DIRECTIONS :: Omit all pictures and transcribe only the lines in the entries below that run from the line with "Question 4 In" through the line with "OMAC Fußmatten &".

DATA FOR THIS EXERCISE ::
◆ ◆ ◆

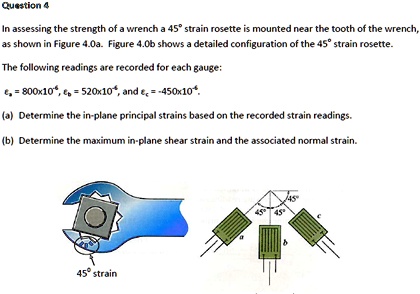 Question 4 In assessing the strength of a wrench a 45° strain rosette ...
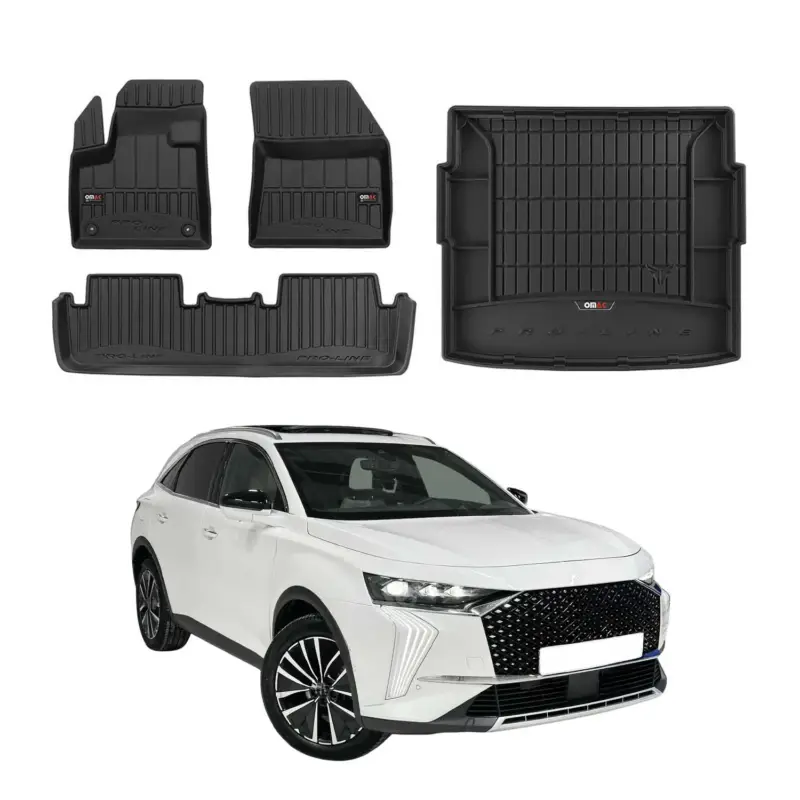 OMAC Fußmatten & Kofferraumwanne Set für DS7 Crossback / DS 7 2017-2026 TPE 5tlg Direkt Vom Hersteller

◆ ◆ ◆

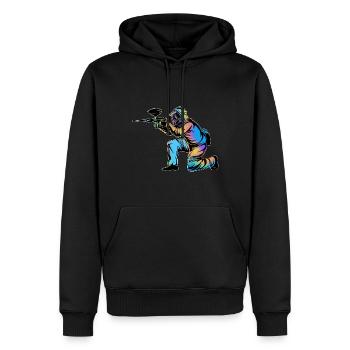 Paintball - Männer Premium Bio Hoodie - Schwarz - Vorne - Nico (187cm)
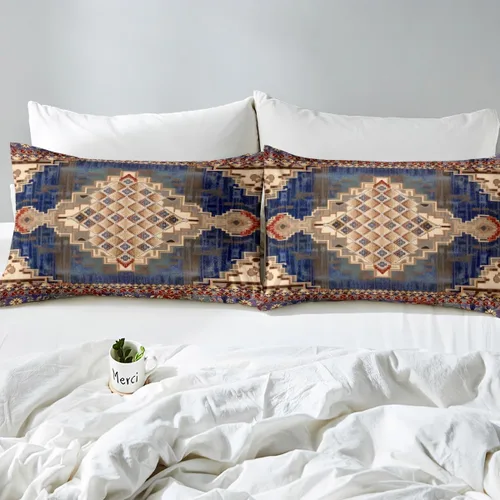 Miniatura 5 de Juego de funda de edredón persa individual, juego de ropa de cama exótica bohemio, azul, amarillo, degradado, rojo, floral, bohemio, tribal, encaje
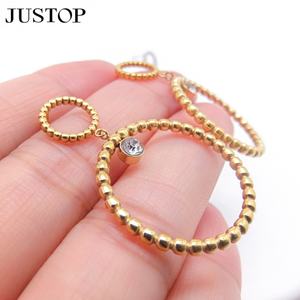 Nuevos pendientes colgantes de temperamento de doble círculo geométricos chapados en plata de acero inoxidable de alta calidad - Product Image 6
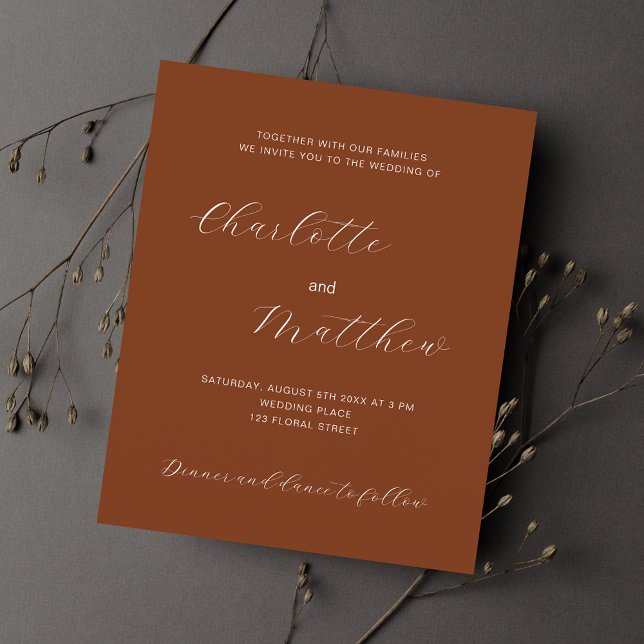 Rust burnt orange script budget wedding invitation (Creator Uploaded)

◆ ◆ ◆

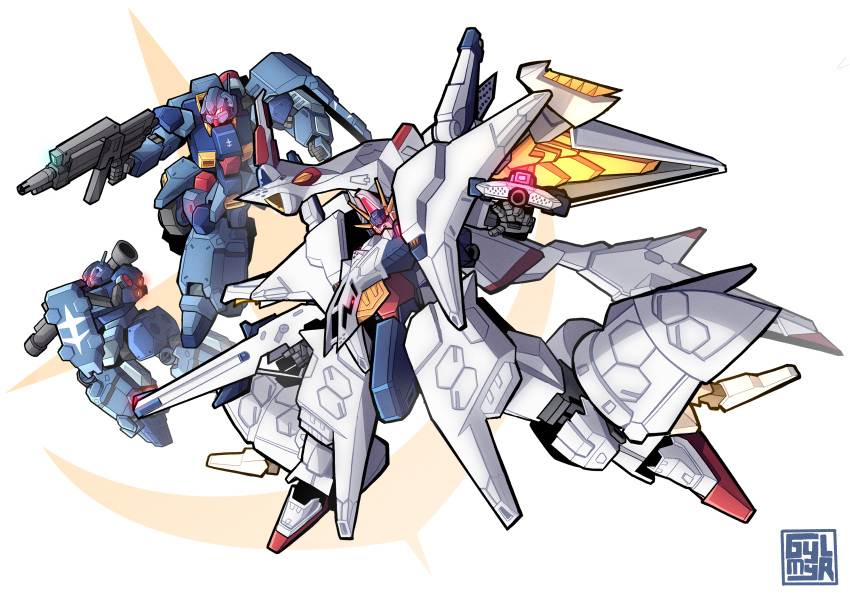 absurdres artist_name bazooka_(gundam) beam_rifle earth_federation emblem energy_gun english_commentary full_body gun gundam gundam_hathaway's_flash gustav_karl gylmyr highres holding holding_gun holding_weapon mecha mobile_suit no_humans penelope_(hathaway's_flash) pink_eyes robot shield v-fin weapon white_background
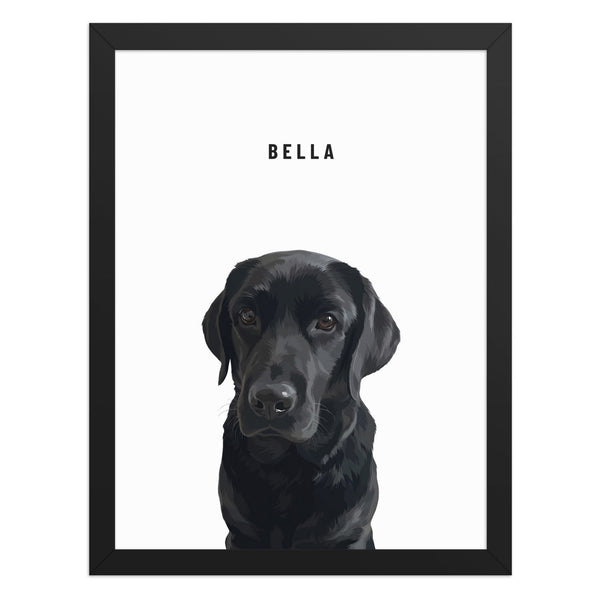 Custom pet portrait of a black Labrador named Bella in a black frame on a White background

◆ ◆ ◆

SOLUTION FOR THIS PROBLEM ::
 Question 4 In assessing the strength of a wrench a 45° strain rosette ...
 OMAC Fußmatten & Kofferraumwanne Set für DS7 Crossback / DS 7 2017-2026 TPE 5tlg Direkt Vom Hersteller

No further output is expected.